THE PROBLEM: A faithful transcription of all the data, images excluded, is the required answer.

DATASET RECORDS:
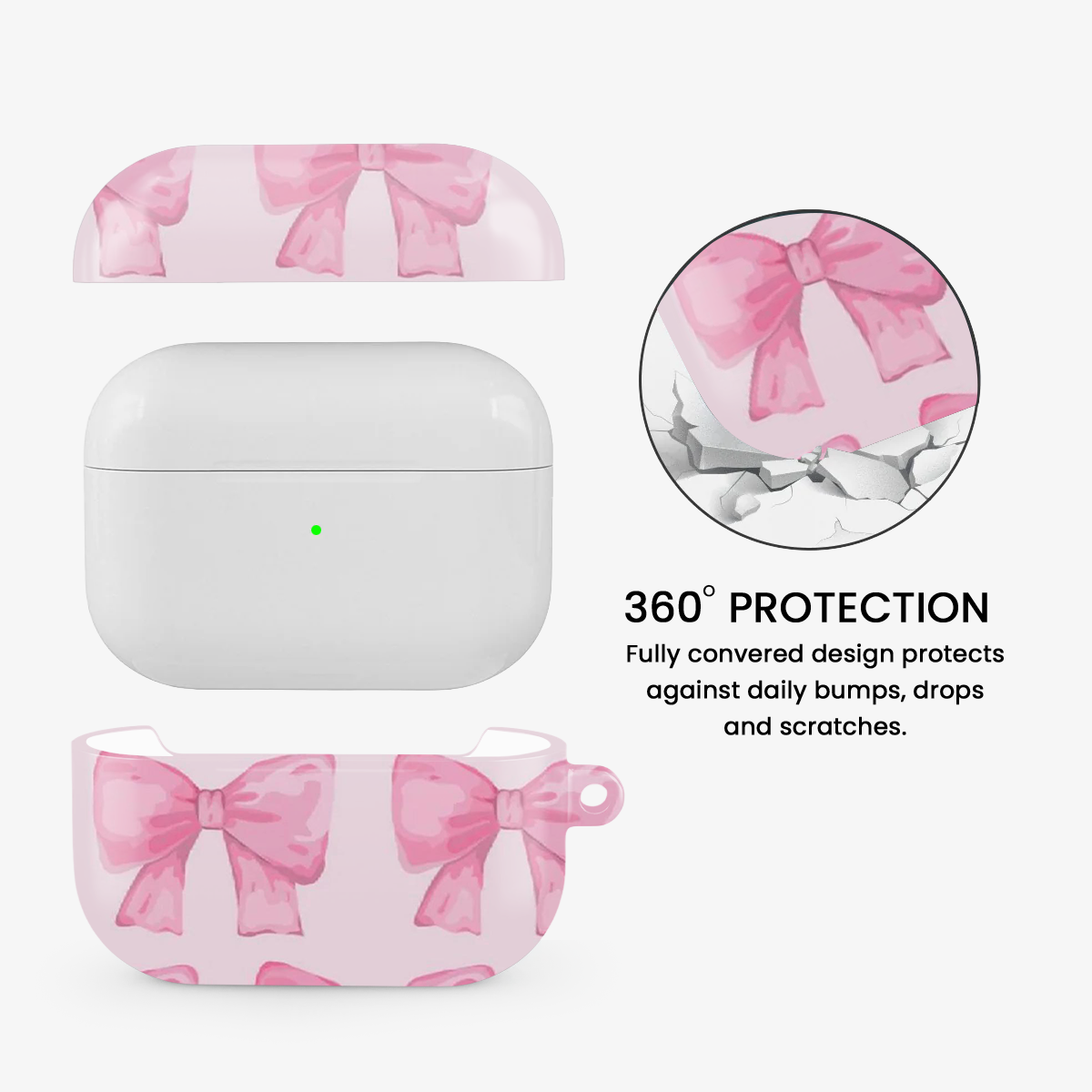 Coquette Chic Airpods Case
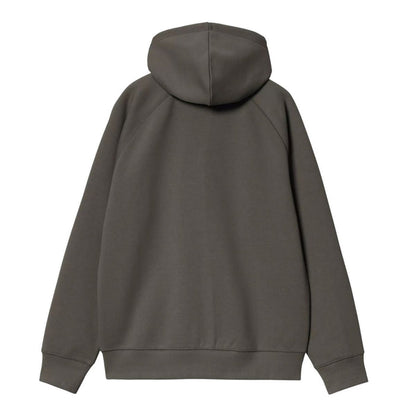 Carhartt WIP Chase Zip Jacket Hooded Shungite/Gold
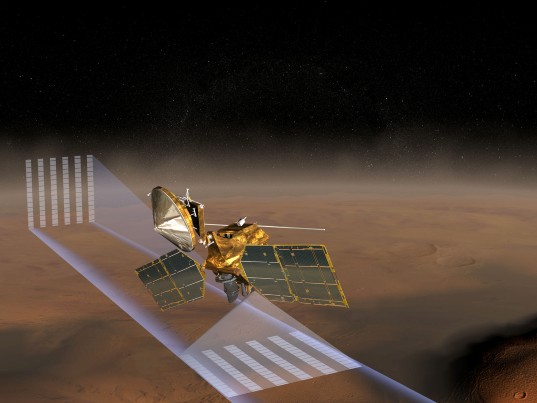 Mars Reconnaissance Orbiter Mars Climate Sounder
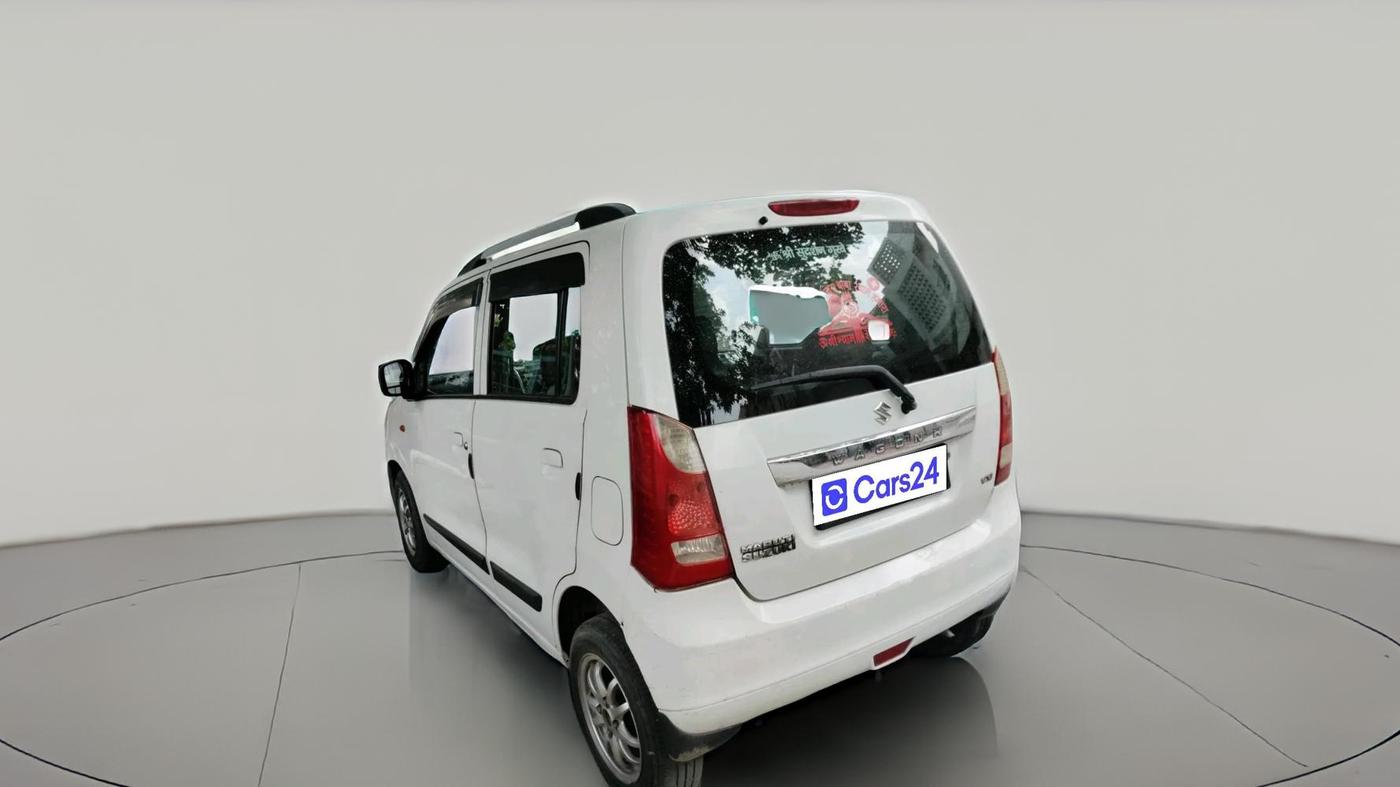 2012 Maruti Wagon R 1.0 VXI, Petrol, Manual, 1,10,725 km, exterior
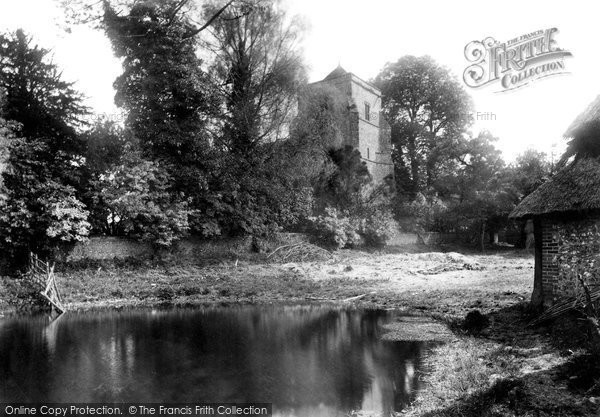 Photo of Bishopsbourne, St Mary's Church 1903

RESPONSE TO THE TASK:
 Coquette Chic Airpods Case
 Carhartt WIP Chase Zip Jacket Hooded Shungite/Gold
 Mars Reconnaissance Orbiter Mars Climate Sounder
 2012 Maruti Wagon R 1.0 VXI, Petrol, Manual, 1,10,725 km, exterior
 Photo of Bishopsbourne, St Mary's Church 1903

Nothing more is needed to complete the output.